Dave Barton, vice chairman of M&A at Mercer Global Advisors, one of the nation’s largest and most acquisitive registered investment advisors, has retired.
Barton, 58, stepped away from the company to concentrate his energy on an ongoing health issue, the company confirmed. Martine Lellis, the firm’s former chief talent officer until she was promoted to principal of M&A partner development in May, will take on Barton’s role.
“I am deeply proud to have played a role in Mercer Advisors’ substantial evolution and growth over the past 25 years,” Barton said in a statement. “I remain a committed shareholder with a strong belief in the company’s mission and future. I have full confidence in the company and my colleagues as they partner with advisors to help them achieve the success they envision for their firm.”
Under Barton’s leadership in M&A, Mercer has completed 89 deals—over 10 a year, on average—representing $41 billion in assets under management since 2016.
That includes the 2022 acquisition of Regis Management Company, a $4.4 billion RIA with offices in San Francisco and Menlo Park, Calif., the firm’s largest deal to date.
Before devoting himself full-time to acquisitions, Barton spent nine years as CEO of Mercer. He stepped down from that role in 2017, wanting to spend more time on dealmaking than management. Dave Welling, who previously led performance reporting behemoth Black Diamond, succeeded him as chief executive. Since that transition, the firm has grown from just under $10 billion in AUM to about $64 billion. Barton was twice named RIA M&A Leader of the Year by the judges for the WealthManagement.com Industry Awards, first in 2018 and most recently in 2024.

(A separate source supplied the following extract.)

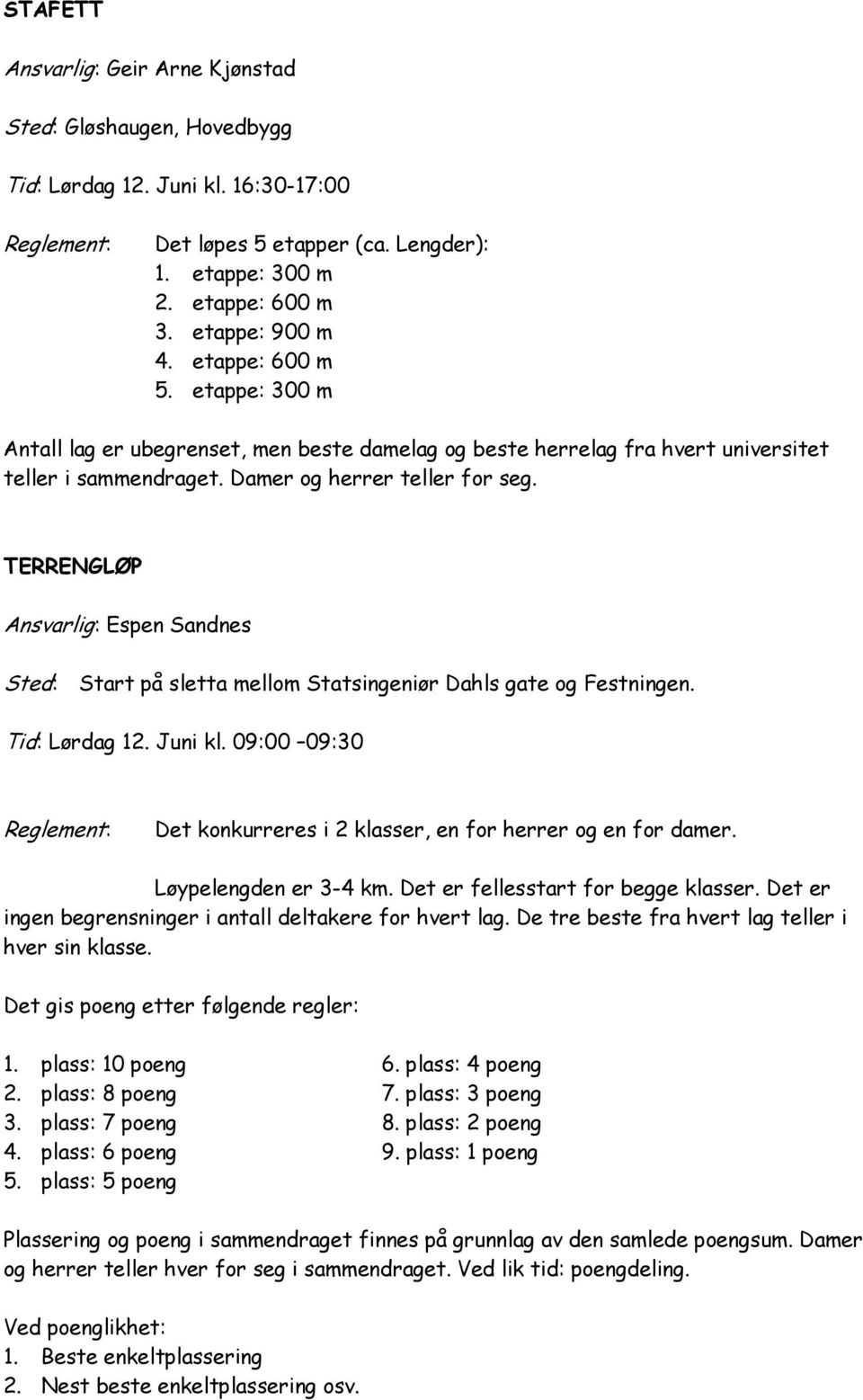 TERRENGLØP Ansvarlig: Espen Sandnes Sted: Start på sletta mellom Statsingeniør Dahls gate og Festningen. Tid: Lørdag 12. Juni kl.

“This is a moment where there’s both respect and reverence for all the things that Dave contributed to the business but also immense confidence in the team we have and where we are as a business,” Welling said. “I think Mercer’s become bigger than any one person. We’ve built a platform that people are attracted to, and attracted an enormous amount of talent over the past several years to amplify what the business was when I joined.”
Barton joined Mercer in 2000 as general counsel, with subsequent roles as president and chief operating officer. Before Mercer, he worked as a trial attorney in California. He earned his undergraduate degree at the University of California, Irvine, and a J.D. from the University of the Pacific McGeorge School of Law.
He became chief executive in 2008 and was the architect of Mercer’s integrated wealth management model, which brought multiple client services together under one roof. That includes financial planning, investment management, estate planning, tax, and insurance, often acquiring smaller practices with the established business lines and executives Mercer needed.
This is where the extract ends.